The discovery process is when you gather all evidence relevant to your divorce. You can’t divide property, calculate support, or determine custody and visitation rights if you don’t have complete and accurate information.
The evidence sought during the discovery phase typically relates to one of two categories – property or custody.
A major part of the divorce process is dividing the property. Before you can divide the property, you need to gather all of the evidence related to you and your spouse’s income, expenses, debts, assets, property, accounts, investments, etc.
Best Interests of the Child
It’s also important to gather evidence that could impact child custody and visitation rights. California promotes custody arrangements that are in the best interest of the child. In most cases, that means allowing the child to spend time with both parents.
If you believe that allowing your child to spend time with your spouse is not in the best interest of the child, you need to gather the relevant evidence to support that position.
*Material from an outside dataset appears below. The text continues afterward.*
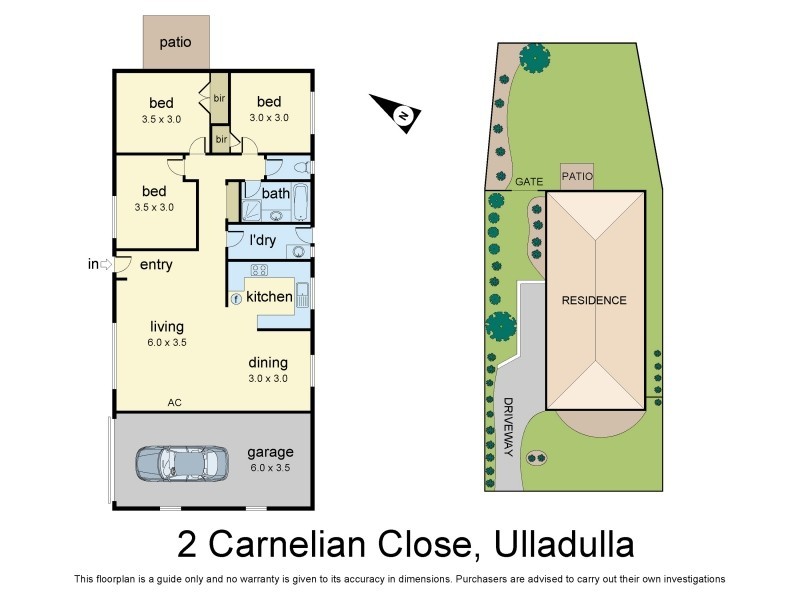 2 Carnelian Close, Ulladulla NSW 2539 Floorplan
That might include police reports, photographs, medical records, video or audio recordings, etc.
Once you’ve gathered all the relevant information, it’s time to negotiate.
In many cases, there are issues that you and your spouse just can’t agree on. It might be the value of your home. It could be the visitation schedule. You might even disagree over who should get the the family dog. Whatever disagreements arise, it’s important to negotiate with an open mind so you can resolve the divorce without spending a fortune on legal fees and related expenses.
The ultimate goal of the negotiation process is to come to a fair resolution based on the law and the unique circumstances of your case.
If you’re unable to negotiate a resolution on your own, you will have to go to court and the judge will resolve the issues for you.
Your marriage is officially over only when the court enters an executed Judgment of Dissolution.
The terms of your divorce should be documented in a Marital Settlement Agreement (MSA). The MSA sets forth all of the terms of your divorce. If any problems arise after your divorce is finalized, you are obligated to follow the terms of the MSA.
Of course, the court will only grant a Judgment of Dissolution if all issues are resolved. If you and your spouse can’t agree on all of the issues, you will need to go to court and the judge will decide the issues for you.
Keep in mind that after your divorce is finalized, the court will still have jurisdiction. For example, if you lose your job and can’t pay spousal support, you may file a request to amend the support order based on the significant change in circumstances.